> **EXERCISE INPUT**:

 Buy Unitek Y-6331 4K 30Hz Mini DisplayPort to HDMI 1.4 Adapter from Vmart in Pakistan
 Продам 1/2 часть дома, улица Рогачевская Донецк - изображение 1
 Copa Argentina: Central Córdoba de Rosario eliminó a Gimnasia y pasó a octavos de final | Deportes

* * *

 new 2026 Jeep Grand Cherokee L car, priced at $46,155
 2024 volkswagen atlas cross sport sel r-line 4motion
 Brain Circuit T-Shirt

> **YOUR ASSIGNMENT**: Both end lines included, restate word for word the lines above from the line with "new 2026 Jeep" to the line with "Brain Circuit T-Shirt", and nothing else.

> **SOLUTION BELOW**:
 new 2026 Jeep Grand Cherokee L car, priced at $46,155
 2024 volkswagen atlas cross sport sel r-line 4motion
 Brain Circuit T-Shirt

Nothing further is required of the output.